Please don't put words in my mouth, thanks.


----------



## aragon (Apr 4, 2011)

I suspect your best answer will come from the source...


----------



## danbi (Apr 11, 2011)

You are barking at the wrong tree, I guess.

ZFS uses extensive read caching, the famous ARC. Since ARC is in memory, it really does not matter (much) in what sized chunks you read from there, at least not if we talk about gigabit speeds. Therefore nfs read performance from a ZFS file systems should be ok.

NFS write performance to an ZFS filesystem will be something entirely different. The reason is that NFS usually uses sync writes, that tax the ZFS filesystem, and more specifically the ZIL. You may try disabling ZIL and see if this improves performance writing over NFS. Just don't forget to enable it afterwards!

There are many posts in this forum that deal with improving ZIL performance.

If you have trouble reading form ZFS over NFS, then there might be some mis-configuration of NFS at your site -- probably at the clients. It will help if you post more information on your hardware and network setup and usage.


----------



## ghell (Apr 11, 2011)

Thanks for the information.

The type of data I'm using is actually large files (several times the size of physical memory) that are rarely accessed twice in a row, which means that almost every read is from disk rather than memory. It's only for a home NAS so I don't have many clients accessing it at the same time either. This is why I want to get as much performance as possible out of the disk reads, and this seems to be optimised by using a larger block size for the read operation, as tested with dd locally. Writing performance isn't so much of an issue.

Hardware is 12x 7200 SATA drives on a LSI SAS 9201-16i controller with gigabit ethernet in 3x raidz of 4 drives each, on FreeBSD 9.0

*netcat* testing local /dev/zero to remote /dev/null shows that the Ethernet transfers at ~980mbps
*dd* testing with bs=512 shows ~500mbps reads to local /dev/null
*dd* testing with bs=8k, bs=16k or bs=32k shows ~2000mbps reads to local /dev/null
nfs shows ~500mbps reads to client /dev/null (same as *dd* bs=512)

This seems to indicate that the bottleneck is the 512 block size on disk reads.

All testing was done reading large uncached files, without reusing the same file for a later test to avoid caching throwing the numbers off and each test was repeated on a few files. This should represent normal use quite well.

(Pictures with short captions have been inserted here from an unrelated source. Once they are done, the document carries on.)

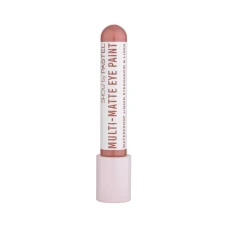 Fard de pleoape lichid Show By Pastel Multi-Matte No. 83 Stylish, 4.2ml, Pastel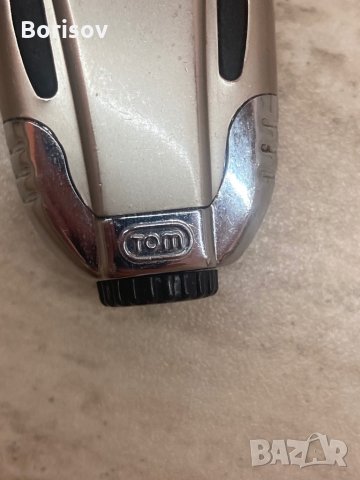 Запалка TOM , снимка 5 - Запалки - 35717362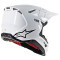 Alpinestars Supertech S-M8 Monocolor Helm -??%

I don't know if any optimisations can be made with *zfs sharenfs*, for example. I have read everything I could find on ZFS + NFS optimisations before posting here but couldn't find anything related to this.


----------



## danbi (Apr 12, 2011)

How you test read speed via NFS?
Have you tested with FreeBSD NFS client?


----------



## ghell (Apr 12, 2011)

danbi said:
			
		

> How you test read speed via NFS?



I export across nfs then use *dd* on the client. I have tried with combinations of nfs rsize mount options and dd bs arguments on the client but it has not made any difference whatsoever, which leads me to believe the bottleneck is in the nfs daemon. If the default blocksize for dd is 512, it might be reasonable to assume that's what the nfs daemon is using too, so I was hoping for a way to set it.



			
				danbi said:
			
		

> Have you tested with FreeBSD NFS client?



I have tested locally, mounting the export to /mnt on the same machine then performing the dd tests again with roughly the same results. With some tweaking (rsize, bs) I actually got it up to ~700mbps which is better than I was getting before but that's on the same machine and it's still lower than both the network speed and the local speed. The only other thing I have is a pfsense box.


----------